WARNINGS
SEE BOXED WARNINGS.
Methotrexate formulations and diluents containing
preservatives must not be used for intrathecal or high dose methotrexate
therapy.
PRECAUTIONS
General
Methotrexate has the potential for serious toxicity. (See
BOXED WARNINGS.) Toxic effects may be related in frequency and severity to dose
or frequency of administration but have been seen at all doses. Because they
can occur at any time during therapy, it is necessary to follow patients on
methotrexate closely. Most adverse reactions are reversible if detected early.
When such reactions do occur, the drug should be reduced in dosage or
discontinued and appropriate corrective measures should be taken. If necessary,
this could include the use of leucovorin calcium and/or acute, intermittent
hemodialysis with a high-flux dialyzer. (See OVERDOSAGE.) If methotrexate
therapy is reinstituted, it should be carried out with caution, with adequate
consideration of further need for the drug and with increased alertness as to
possible recurrence of toxicity.
The clinical pharmacology of methotrexate has not been
well studied in older individuals. Due to diminished hepatic and renal function
as well as decreased folate stores in this population, relatively low doses
should be considered, and these patients should be closely monitored for early
signs of toxicity.
Information for Patients
Patients should be informed of the early signs and
symptoms of toxicity, of the need to see their physician promptly if they
occur, and the need for close follow-up, including periodic laboratory tests to
monitor toxicity.
Both the physician and pharmacist should emphasize to the
patient that the recommended dose is taken weekly in rheumatoid arthritis and
psoriasis, and that mistaken daily use of the recommended dose has led to fatal
toxicity. Patients should be encouraged to read the Patient Instructions sheet
within the Dose Pack. Prescriptions should not be written or refilled on a PRN
basis.
Patients should be informed of the potential benefit and
risk in the use of methotrexate.

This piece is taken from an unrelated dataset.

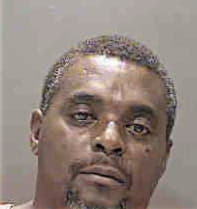 Willie Langston, - Sarasota County, FL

The risk of effects on reproduction should be
discussed with both male and female patients taking methotrexate.
Laboratory Tests
Patients undergoing methotrexate therapy should be
closely monitored so that toxic effects are detected promptly. Baseline
assessment should include a complete blood count with differential and platelet
counts, hepatic enzymes, renal function tests, and a chest X-ray. During
therapy of rheumatoid arthritis and psoriasis, monitoring of these parameters
is recommended: hematology at least monthly, renal function and liver function
every 1 to 2 months. More frequent monitoring is usually indicated during antineoplastic
therapy. During initial or changing doses, or during periods of
increased risk of elevated methotrexate blood levels (e.g., dehydration), more
frequent monitoring may also be indicated.
Transient liver function test abnormalities are observed
frequently after methotrexate administration and are usually not cause for
modification of methotrexate therapy. Persistent liver function test abnormalities,
and/or depression of serum albumin may be indicators of serious liver toxicity
and require evaluation. (See PRECAUTIONS, Organ System Toxicity, Hepatic.)
A relationship between abnormal liver function tests and
fibrosis or cirrhosis of the liver has not been established for patients with
psoriasis. Persistent abnormalities in liver function tests may precede appearance
of fibrosis or cirrhosis in the rheumatoid arthritis population.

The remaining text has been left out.